700 a 600 anos atrás
Últimos registros para os Jê do Sul no Vale do Taquari
Os Jê do Sul habitaram o Vale do Taquari por quase seis séculos. Ao longo desse período, viveram em assentamentos estáveis e sedentários que, em alguns casos, chegaram a durar séculos consecutivos.
No entanto, essa estabilidade teve fim há cerca de 600 anos atrás, quando o sinal arqueológico associado aos Jê ficou fraco na região, indicando o fim da ocupação desses povos nas terras altas do Vale do Taquari.
Ao mesmo tempo em que os Jê saem da região, os Guarani chegam ao sul do território. Entre outras explicações para a saída precoce desses povos do Vale do Taquari, visto que em outros lugares do sul do Brasil a presença Jê adentrou o período colonial, os pesquisadores têm interpretado que a pressão exercida pelos Guarani possa ter causado um impacto direto nos povos que ali já viviam.

Casas subterrâneas Jê localizadas no município de Ilópolis/RS.
Fonte: Acervo do Laboratório de Arqueologia da Univates.
A desocupação de determinados territórios Jê concomitante à chegada Guarani não aconteceu apenas no Vale do Taquari, mas também em outros locais da Bacia do Taquari-Antas, especialmente nas áreas próximas da borda sul do Planalto das Araucárias.
É importante destacar que enquanto a chegada Guarani pelo sul do Planalto das Araucárias resultou na desocupação de algumas áreas Jê, que talvez constituíam territórios mais frágeis do ponto de vista social e político, as terras mais altas do Planalto, tanto no Rio Grande do Sul como em Santa Catarina, continuaram densamente ocupadas até o período colonial, configurando uma fronteira territorial impermeável ao avanço Guarani.
A pressão exercida pelos Guarani sobre os territórios Jê também resultou em outros efeitos curiosos. Em Santa Catarina, por exemplo, enquanto os Guarani se expandiam à montante do Rio Uruguai, isto é, na direção dos território Jê, estes passaram a construir casas subterrâneas de tamanhos monumentais, plataformas, aterros e grandes estruturas anelares que depois foram apelidadas pelos jesuítas de “danceiros”.

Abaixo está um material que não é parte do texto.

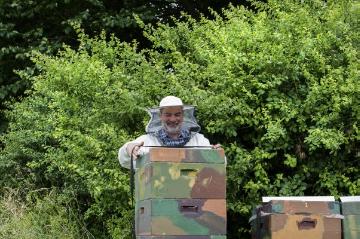 Frank Jäschke, Ortsvorsteher von Welver-Borgeln und Hobby-Imker, bei der Prüfung seiner Bienenstöcke am Dorfrand von Borgeln. Juni 2016.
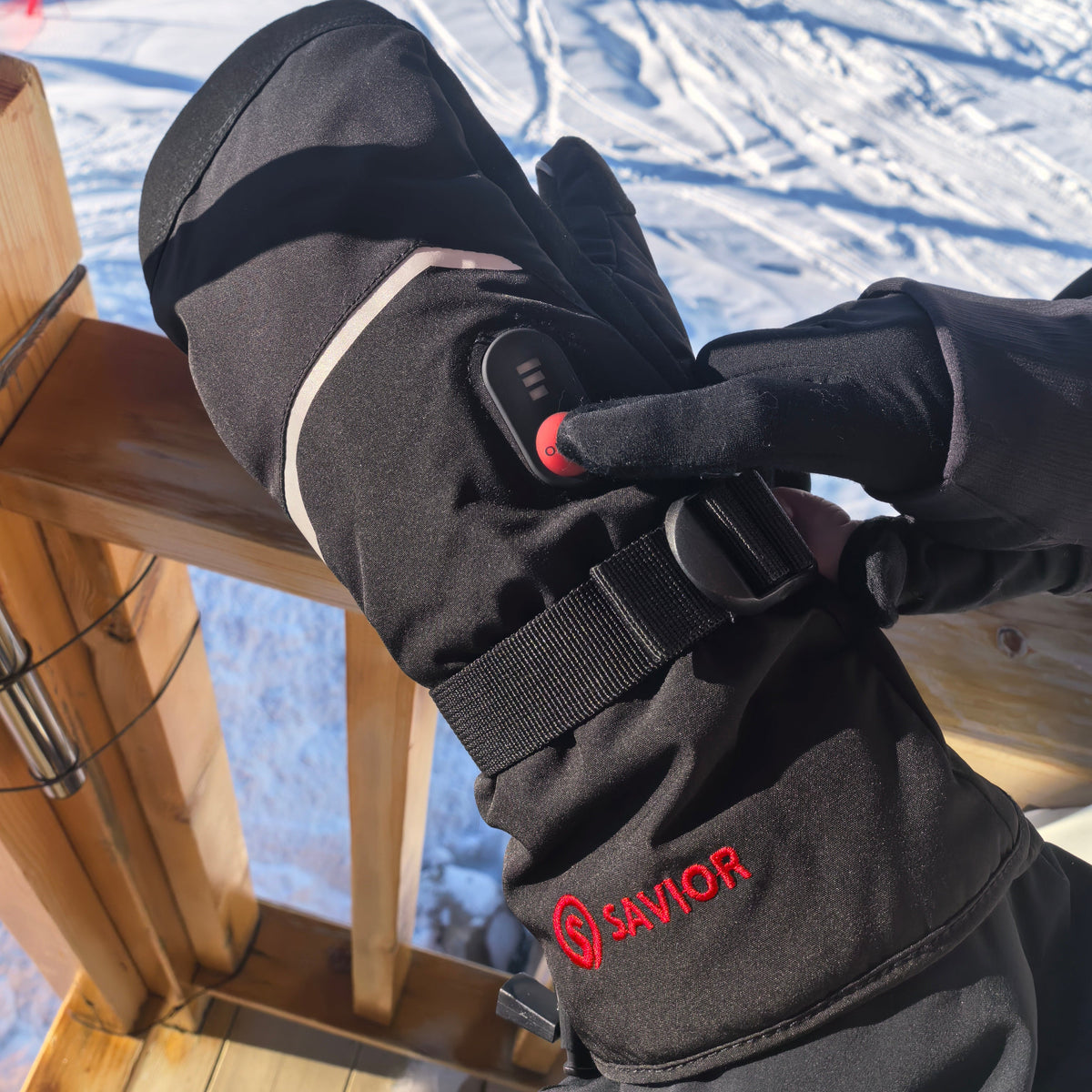 heated gloves for skiing in winter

Grande plataforma construída pelos Jê do Sul nas terras altas de Santa Catarina.
Fonte: Carbonera e Loponte (2025).

Estrutura anelar com montículo central (“danceiro”) e casa subterrânea Jê. Sítio João Machado, Santa Catarina.
Fonte: Carbonera e Loponte (2025).
Essas estruturas com arquitetura impactante foram construídas nas áreas mais sedentarizadas e organizadas dos Jê, e parecem representar a materialização da resistência frente aos forasteiros, a capacidade de mobilização e uma nova forma de defesa do espaço. Como resultado, nas áreas em que essas estruturas foram construídas, as aldeias Jê proliferaram até o século 19, e os Guarani nunca conseguiram acessar.
A dinâmica de contato entre os Guarani e os Jê nas terras altas do sul do Brasil chegou ao fim com a vinda dos missionários jesuítas, dos escravizadores de indígenas e dos colonizadores europeus a partir de 1620. Esses novos personagens modificaram a dinâmica territorial estabelecida entre os povos originários e deram início a uma nova ordem social.
Além de causar uma importante queda demográfica entre os indígenas, a chegada desses personagens estimulou novas movimentações territoriais. Para o caso dos Jê, por exemplo, documentos históricos dos séculos 18 e 19 apontam que grupos de Kaingang se movimentaram de volta ao Vale do Taquari, adentrando inclusive os antigos territórios Guarani, onde formaram novos assentamentos. Alguns desses assentamentos resistiram à ação do tempo e aos conflitos com os colonos, persistindo até os dias atuais.
Referências
WOLF, Sidnei. Arqueologia Jê no Alto Forqueta/RS e Guaporé/RS: um novo cenário para um antigo contexto. 2016. Tese (Doutorado em Ciências: Ambiente e Desenvolvimento) – Centro Universitário Univates, Lajeado, 2016.
SCHNEIDER, Fernanda. Poder, transformação e permanência: a dinâmica de ocupação Guarani na Bacia do Taquari-Antas, Rio Grande do Sul, Brasil. 2019. Tese (Doutorado em Ciências: Ambiente e Desenvolvimento) – Universidade do Vale do Taquari, Lajeado, 2019.